Electric drive

An electric drive is a drive having one or more electric motors , which from a control is regulated. If the engine power is high, electronic power actuators are interposed between the control and the electric motor (or the electric motors). They are then part of the electric drive.

The regulation of the electric drive is often carried out in the form of a speed , torque , position, speed or more variable regulation. One or more other control loops may or may not be subordinate to a control loop .

For practical operation, separate components for switching the drive on and off as well as necessary safety and monitoring devices, as well as an energy source in the form of a mains connection , a generator (e.g. in the form of a fuel cell ), a traction battery or a double-layer capacitor (e.g. in the form of a of ultra- or super caps provided).

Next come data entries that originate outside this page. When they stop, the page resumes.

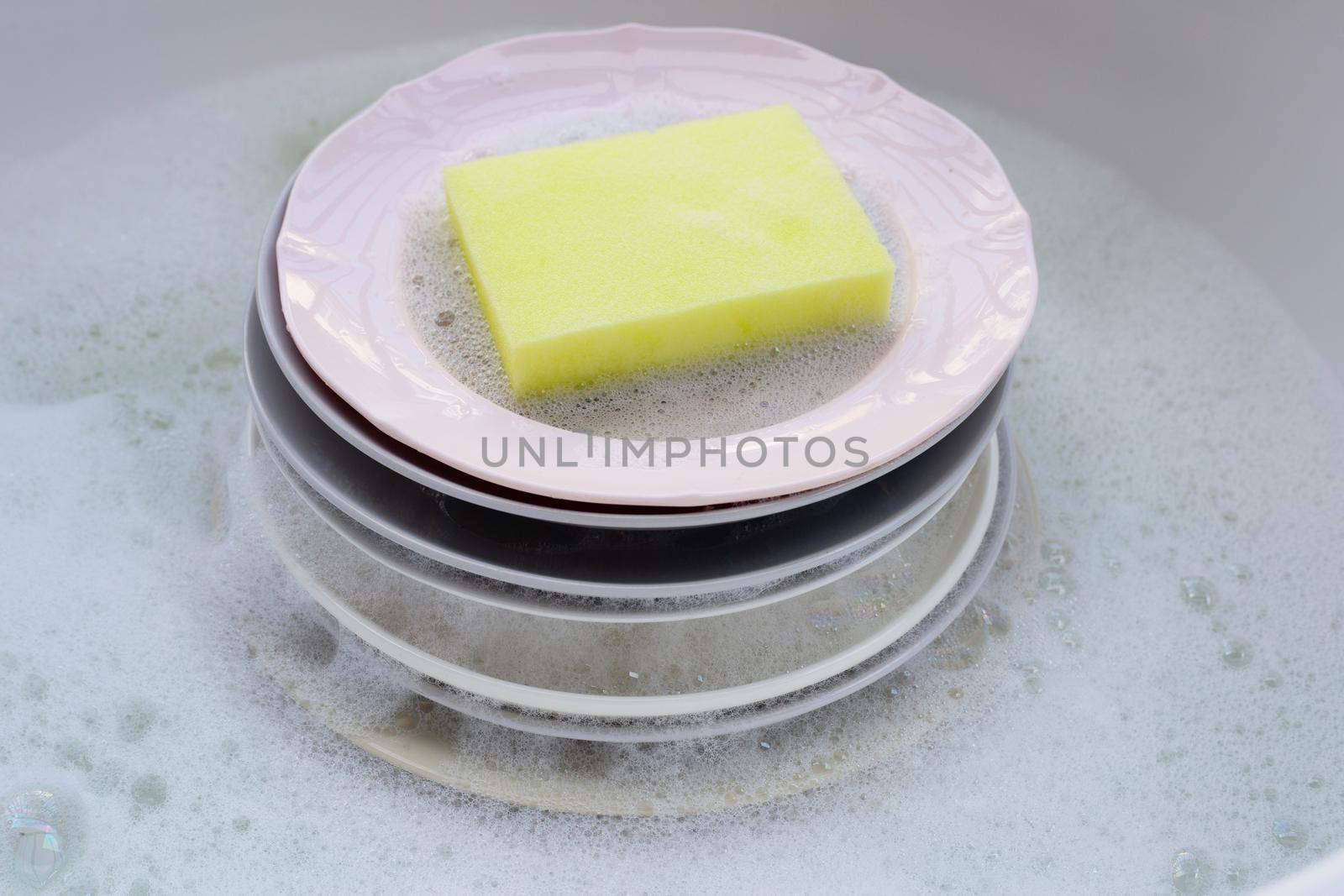 Washing dishes, Close up of utensils soaking in kitchen sink. by Bowonpat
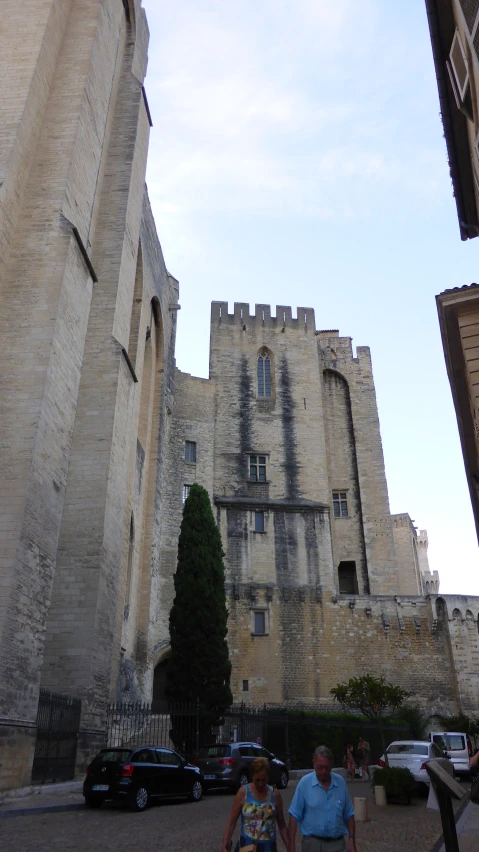 a man and a woman standing next to a castle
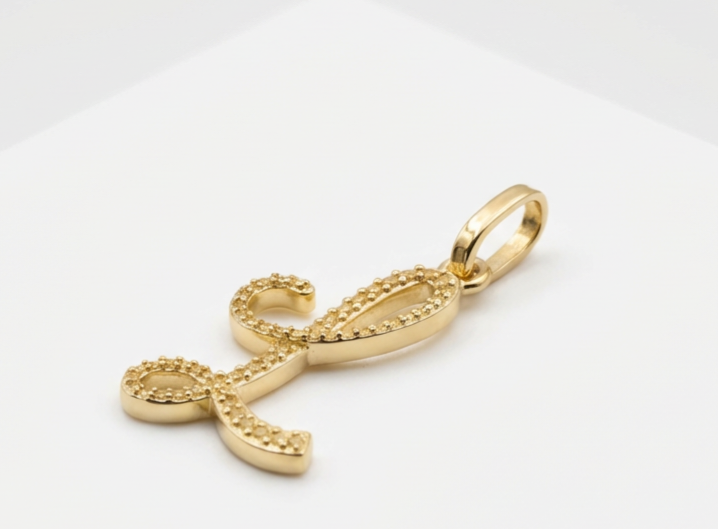 Gold infinity symbol pendant on a white background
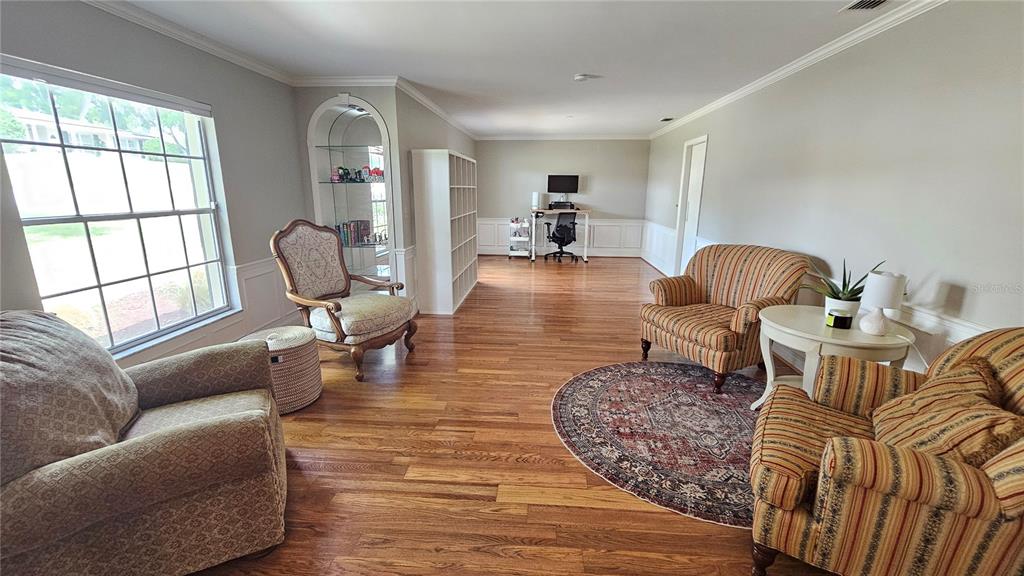 184 Lake Otis Road Winter Haven, FL 33884 - Photo 5 of 31 a living room with furniture and a wooden floor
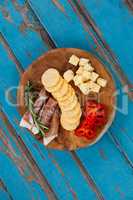 Cheese cubes, capsicum, meat, rosemary and biscuits on wooden board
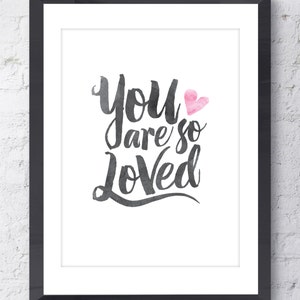 May include: A black and white watercolor print with the text "You are so Loved" in a cursive font. A pink watercolor heart is above the word "Loved".
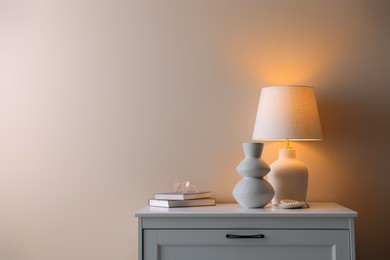 Photo of Stylish lamp, vase, pearl bracelet, books and glasses on white dresser near beige wall indoors, space for text
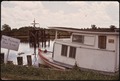 BAYOU FISHERMAN'S BOAT. SIGN AT LEFT MARKS HIGH PRESSURE GAS LINE FROM NEARBY HUMBLE GAS INSTALLATION - NARA - 544212.tif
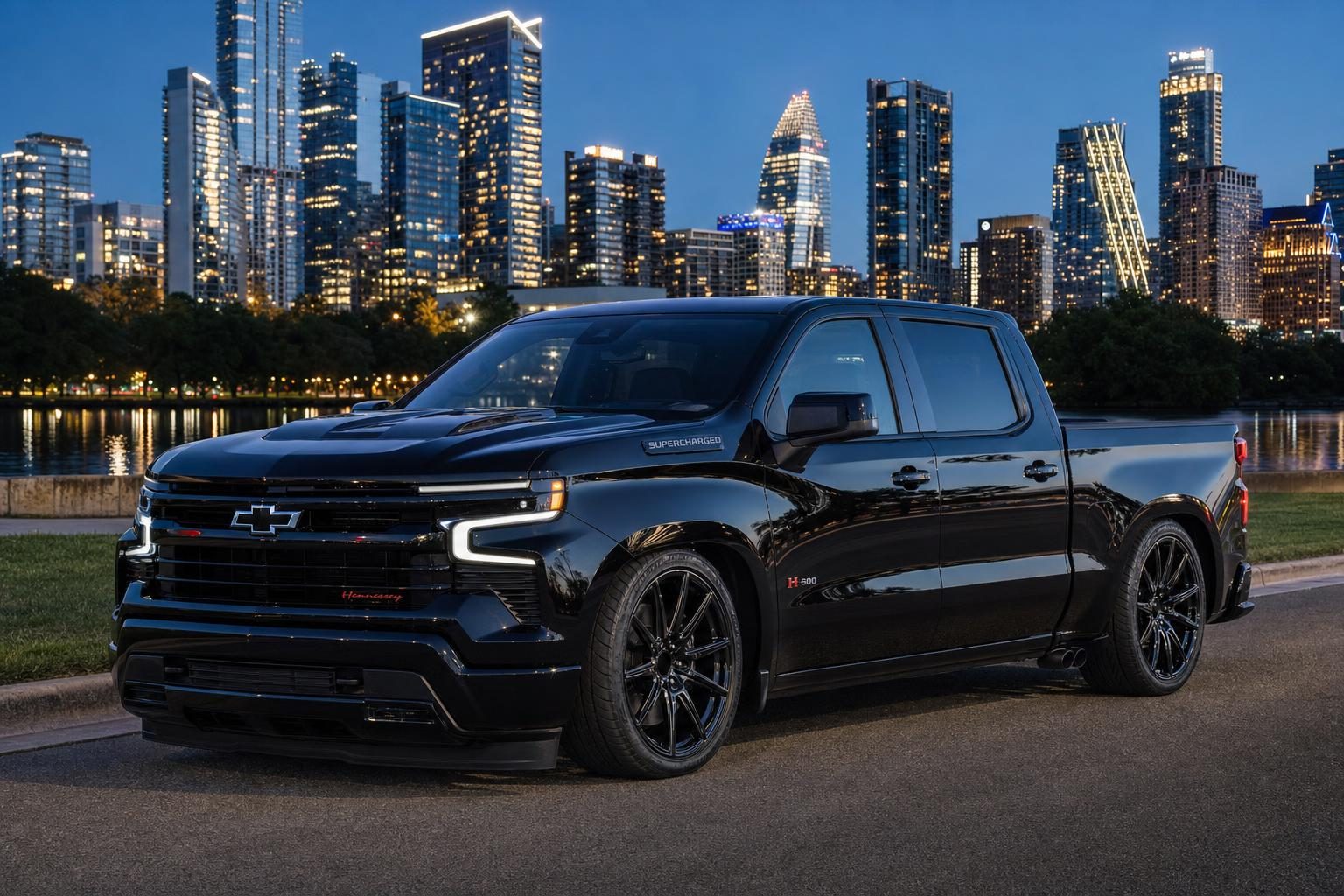 Black Hennessey H600 lowered Chevrolet Silverado on 24-inch wheels by Lady Bird Lake with the Austin skyline at night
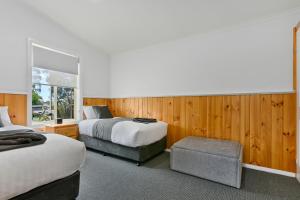 Taranna马森斯小屋公寓的酒店客房设有两张床和窗户。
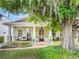 Charming home with a welcoming porch, lush landscaping, and a beautiful mature tree at 1209 Gunnison Ave, Orlando, FL 32804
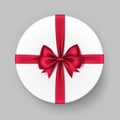 White Round Gift Box with Shiny Red Satin Bow Ribbon Royalty Free Stock Photo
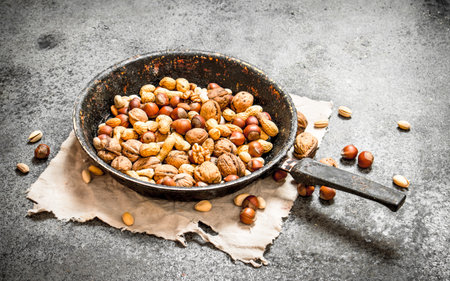 Different nuts in a frying pan. On rustic background.の写真素材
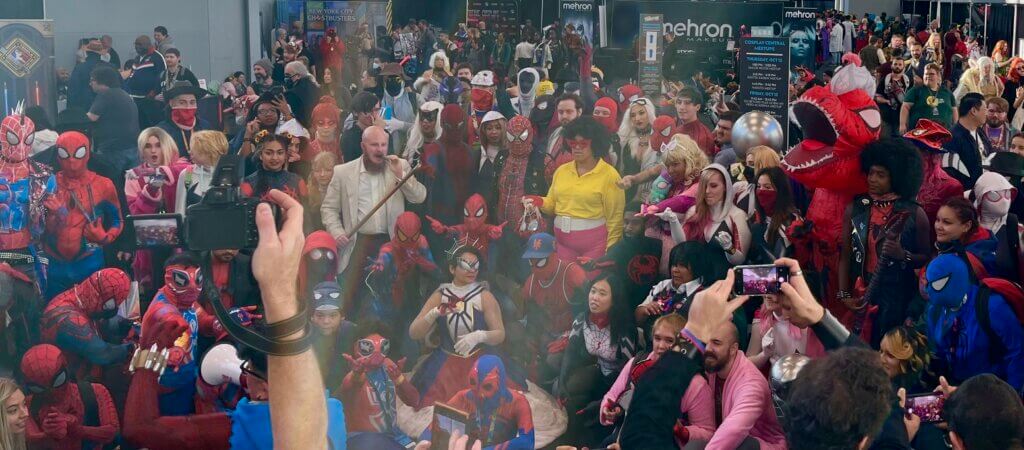 Many Spider-People pose at the cosplay pavilion at NYCC 2023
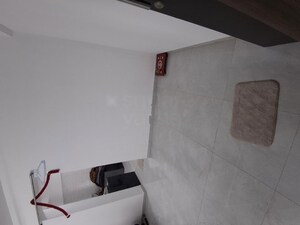 Bathroom in 1 BHK Apartment at Unique Shanti The Sky Line, Mira Road – for Rent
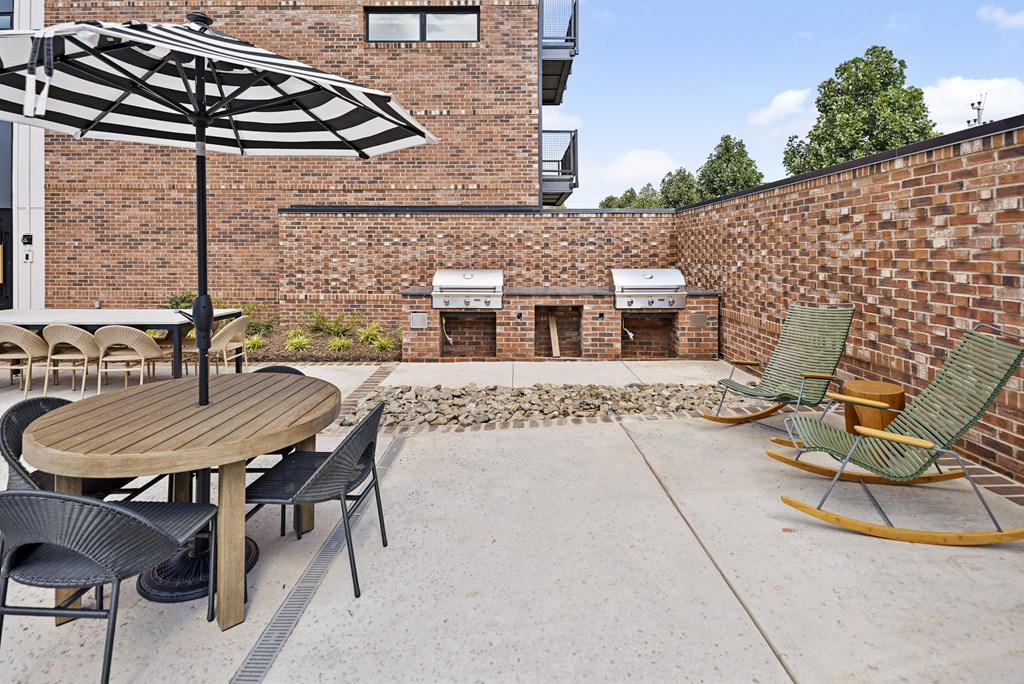 A patio with a table, chairs, and an umbrella.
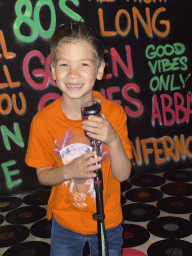 Max with a microphone at the music studio room at the SuperNova Experience museum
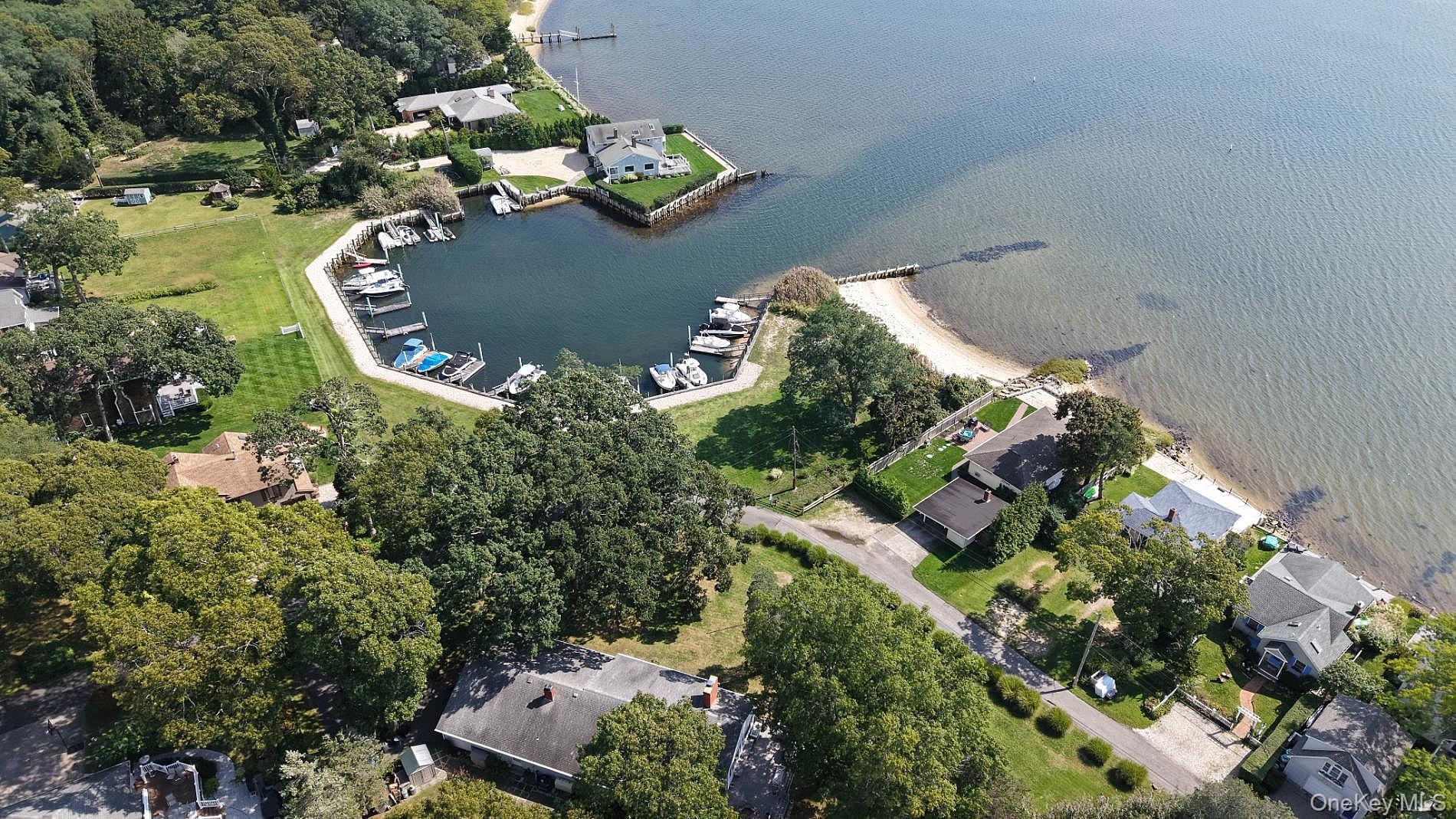 Aerial view of the marina, boat dock, and beach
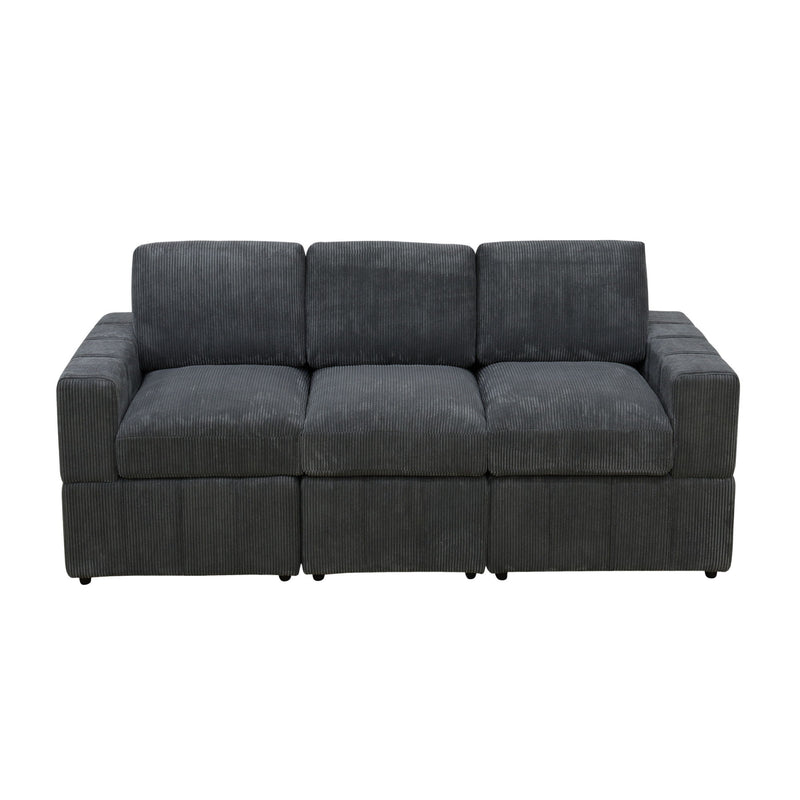 Dark gray oversized modular sectional sofa with tufted seat and armrests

Functions, motion aspects and control implementation

With an electric drive, electrical energy is converted into mechanical kinetic energy. This can be converted into a rotary movement as well as into a linear movement ( linear drive or regulated rotating electric motor with flanged worm gear ). In the case of electric drives, the elementary movements "rotation" and "translation" are not uniform movements, especially for position control. Rather, one or more defined movement sequences (that is, movement patterns as a function of time) are specified by the respective regulation. With torque and speed control , things are different, at least at intervals: in a certain interval, a certain movement can be carried out uniformly.

In professional use today, drive controls are implemented digitally. Only in the hobby area (e.g. in model making ) or in rare cases in the area of small drives are regulations still implemented analogously. In terms of hardware, in the case of digital implementations, microcontrollers with input / output units with analog-digital and digital-analog converters as well as communication interfaces are used. In terms of software, drive controls are implemented in the form of direct digital control algorithms, supplementary controls (e.g. for sensors and actuators) in the form of input / output control commands and communication exchange in the form of interface communication routines.

Power electronic actuators

Efficiency and practical operating characteristics

Compared to other types of drive (e.g. internal combustion engine ), electric drives are very efficient . Efficiencies of up to 99% are not uncommon for large machines. A distinction is made between drives with lower power (small electrical drives) and those with higher power. In the power range of approx. 900–1,100 watts, electric drives typically have an efficiency of 70–90%. The efficiency can, however, increase by up to 99% with increasing power (growth laws of electrical machines). In contrast to petrol or diesel drives, electric drives have a lower dead weight in relation to their power and also generate no local emissions and are more reliable than their counterparts. In addition, they can be stopped immediately in emergencies by switching off the electrical network (subject to the rotating masses running out due to the moment of inertia ).

Areas of application

Electric drive of the coal mill of a power plant. Machine output: 3 MW. Left: electrical asynchronous machine, 12-pulse supply via DC link converter. Right: coal mill

The areas of application range from small drives with a few milliwatts of power (e.g. drive motors for CD players) to medium-power applications (vacuum cleaners, kitchen appliances) to the highest outputs in industry and transport (drives for coal mills, drives for electric trains, underground Lanes etc.).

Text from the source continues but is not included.